FORT WASHINGTON, Md. - Police in Prince George's County have taken a 13-year-old student into custody for being in possession of a gun at school.
The incident was reported Tuesday morning – just two days before summer break – at Isaac J. Gourdine Middle School in Fort Washington.
Gourdine Middle School went into lockdown as police rushed to the school and began searching for the 13-year-old. Authorities were searching in what was described to be an 8th-grade basement area, according to police radio communication.
Police didn’t release a photo but tell FOX 5 that the teen was found with a fully-loaded ghost gun in their waistband.
A source describes the gun as a P80 semi-automatic handgun loaded with 17 bullets — one of them in the chamber.
States Attorney Aisha Braveboy’s office is waiting to learn whether the 13-year-old will be held on multiple charges, that police say include having a dangerous weapon on school property.
"Guns kill. And there is no reason for a 13-year-old or any student to possess a gun and to bring it into a school building," she told FOX 5. "It will be treated seriously."
Police say they have recovered three ghost guns at Isaac J. Gourdine Middle School this school year.
Both the states attorney and police chief say the student who told an adult about his armed classmate should be commended.
Authorities say no one was injured. The incident is now under investigation.
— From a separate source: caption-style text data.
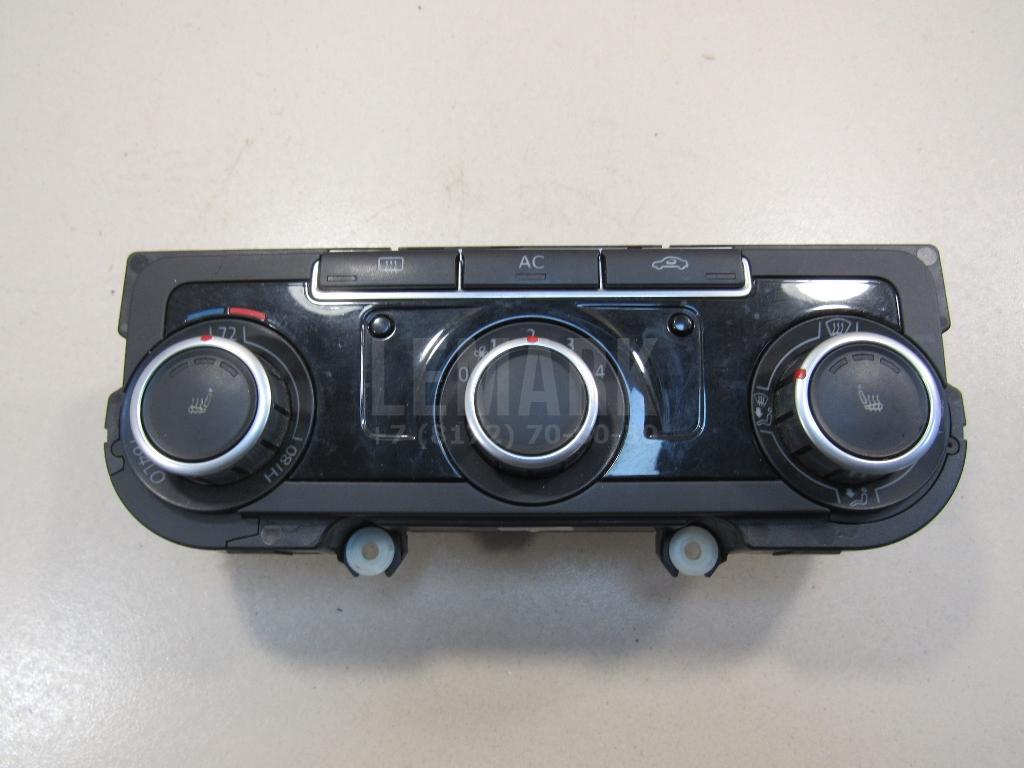 Блок управления отопителем 3C8907336AJZJU VAG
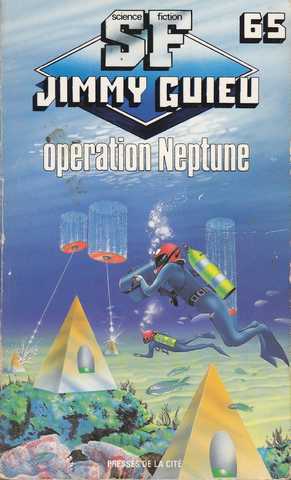 Guieu Jimmy, Opration neptune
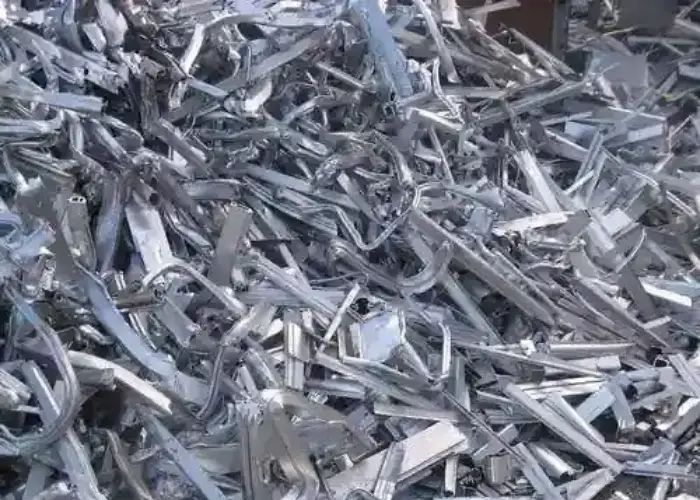 Aluminium Scrap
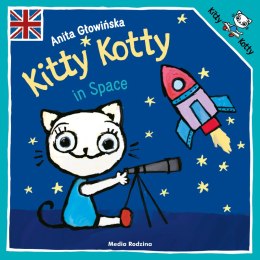 Kitty Kotty in Space. Kicia Kocia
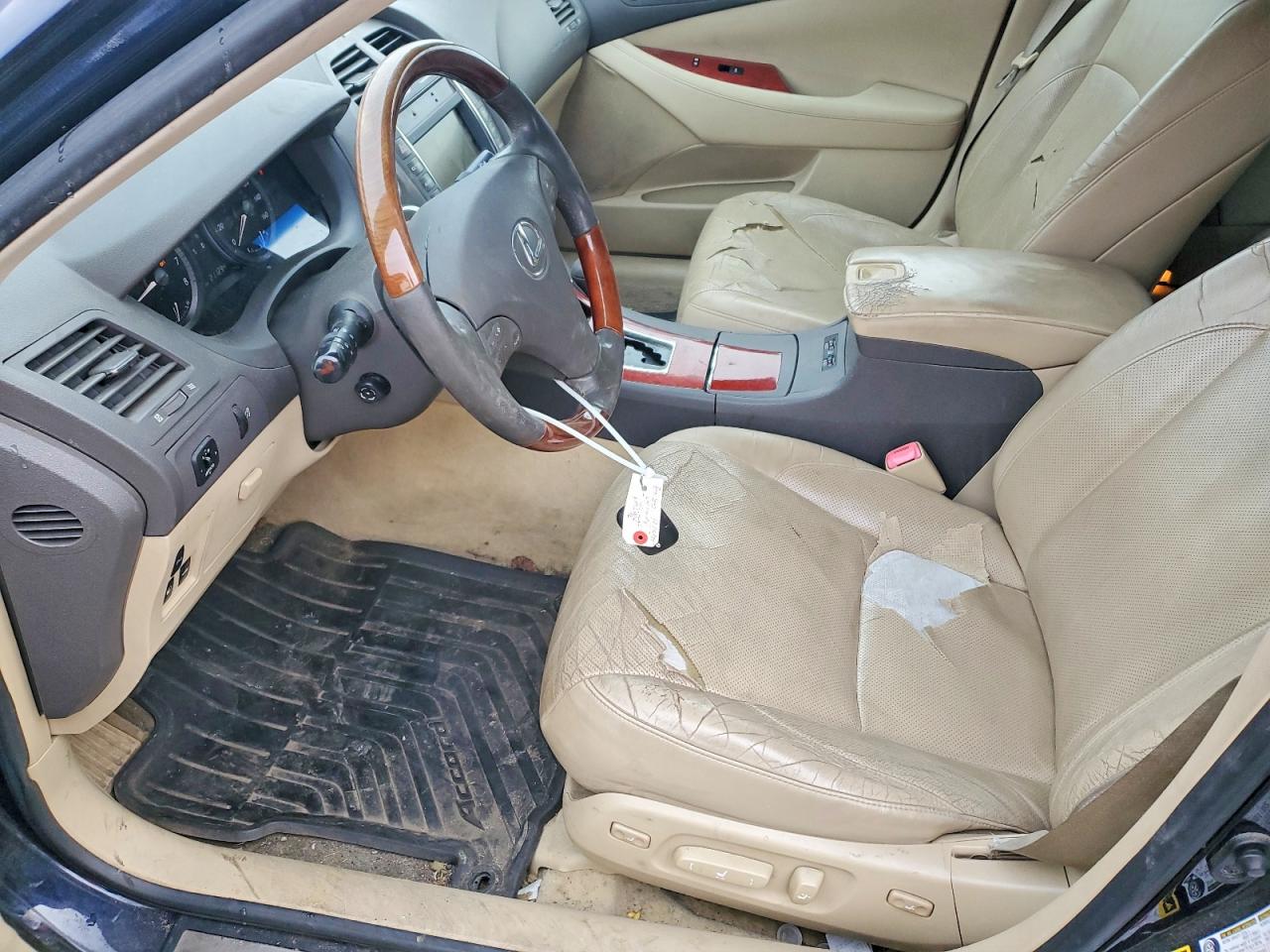 2009 LEXUS ES 350 photo 7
Prince George's County Executive Angela Alsobrooks released this statement following the incident:
"The student who alerted trusted adults about what they observed this morning is to be commended for speaking up. It’s absolutely unacceptable that a child would even have access to a gun. The government is doing everything it can to keep our children engaged; we have provided summer jobs to every young person who applied, we have the Alsobrooks Summer Passport program starting, and we have programs available through M-NCPPC. The government is working to provide resources but I also believe that it’s critical our parents step up. Parents should know where their children are and what they’re doing. As we experience children committing a bulk of the violent crimes we see, we need the whole community to step up and help to support these youth."